The moth was clinging to the bathroom ceiling.

At first it attached itself to the ceiling right over the shower. I looked up at it, big and dark brown, clutching tightly to the white drywall, and shook my head. For years I’ve liked to take moths out of the house and release them outside. Usually, unless they’re too weak to take flight, I catch them in a glass, put a top on (a postcard or even a tissue), take them out, remove the top and shake the glass free. Love to watch them flying out. But I’d need to bring the step ladder upstairs and put it on the shower floor, which I didn’t trust.

It felt like that whole day I checked the whereabouts of that moth, wishing it would move someplace lower. When I woke up the next morning, I found that it had moved out of the shower but was still attached to the bathroom ceiling. This was an opportunity to mentally review the things I used to do easily and without thought just a short time ago, and how I hesitate to do them now. Get up on the step ladder, strain up towards the ceiling with the glass, try not to hurt the moth as I slide something on top, keeping my balance throughout, and come down safely, covered glass still intact.

I didn’t do it.

The next day I couldn’t find it. I looked everywhere, behind towels and faucets, and on the floor in case it had finally collapsed. Wondered if it had gotten out of the bathroom, but then, where did it go?

We always keep an oil candle burning on the Kwan-yin altar, which shows the Goddess of Compassion, a gift from Vietnam, alongside Maria of Guadalupe, which we had gotten as a gift from Shaykha Amina Teslima al-Jerrahi in Mexico City. The altar contains ashes of those who died as well as photos. But in the summer moths get into the house and get immolated by the candle so I don’t let it burn during those months. Instead, the moths fly into the house and attach themselves to different walls and counters, and I retrieve them.

The moth in the bathroom reminded me that summer is passing, fewer moths in the house, soon I could light the candle again and let it burn till next May. Please come down so that I could get you, I asked it silently for a couple of days. Instead, it’s gone, probably dead.

I was surprised by the sudden surge of sadness. So many die every day, but this one I kept careful track of. It was big, clinging fearfully to the ceiling, not approaching the light bulbs over the mirror. Infinite beings die all the time, why did this one touch me so deeply? I would check its whereabouts even in middle-of-the-night peeing visits, blinking sleepily as I looked up.

In fact, why did I feel any concern at all? Henry and Aussie don’t worry about moths, or about anyone’s wellbeing other than their own. How is it that humans do? We criticize ourselves so much for caring too little, but it’s quite miraculous how much we do care about nonhuman beings. How we look down nervously at the brown grass and the thirsty earth in this summer’s drought, how relieved we feel as the leaves tremble under the first raindrops, how we feed birds and chipmunks, watching carefully for deer as we navigate the roads at night. Our sense of family, of clan, of home is remarkably wider than that of other species. We care a lot about beings that don’t look anything like us.
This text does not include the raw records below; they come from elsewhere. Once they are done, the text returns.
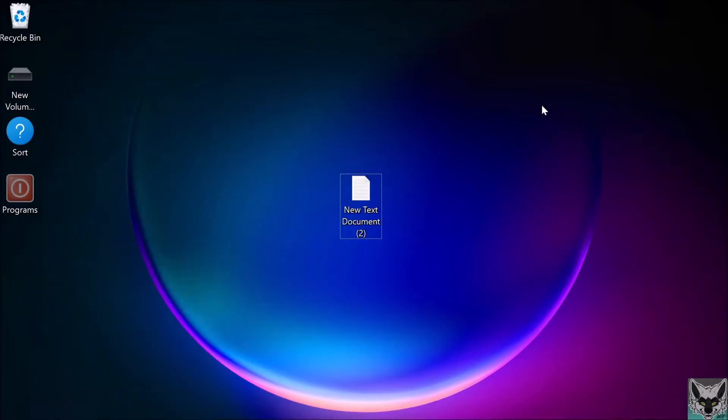Hello everybody and welcome to my tutorial on how to change the repeat speed in Windows 11.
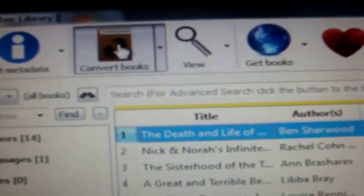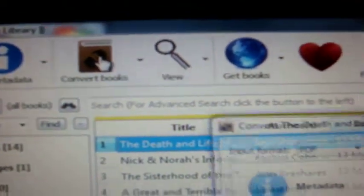So to convert books, all you do is click on this button right here. You can also edit things from here on the right.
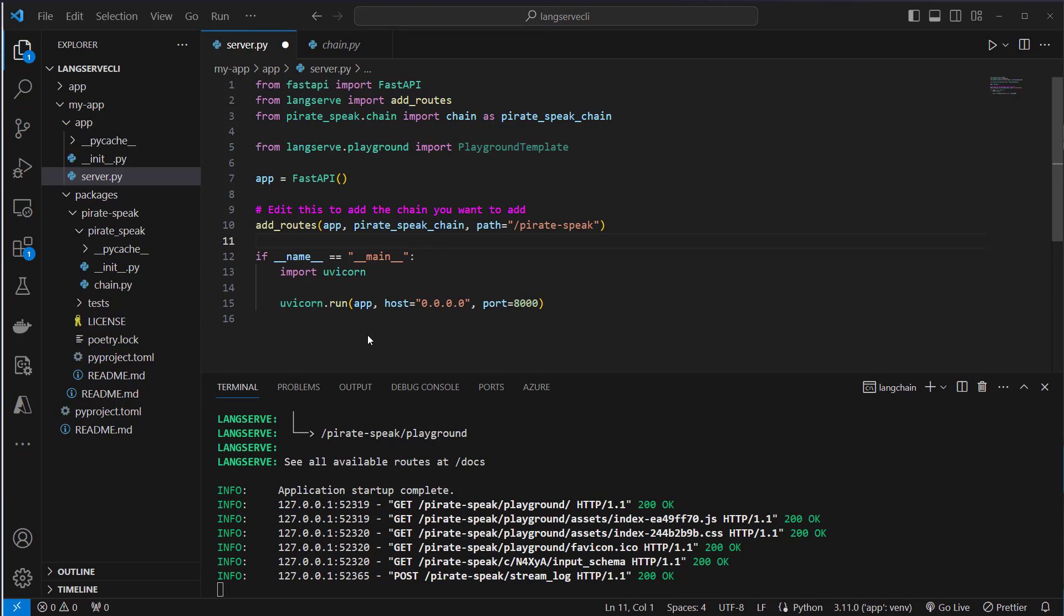That's it. As you can see this is a very quick way to create a prototype with LangChain and LangServe. If you liked the video feel free to subscribe to my channel and like it of course. Thank you. Bye bye.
That’s a great thing, given our other propensity to build fortresses. When I visit my sister in Jerusalem, I can hear the doves coo from the outside ledge that’s off her bathroom window overlooking a building shaft. The birds liked to use the ledges inside the shaft for rest or shelter, but she tells me that her neighbors installed spinning deterrence rods to scare them away because of their fleas and the  shit they leave on the ledges. She can’t bring herself to do this, so all these years I come to stay with her and enjoy the gentle cooing that’s the background music to her home.

How have we, humans concerned most of all with our own survival and flourishing, cultivated this need to take care of nonhumans that don’t seek our companionship?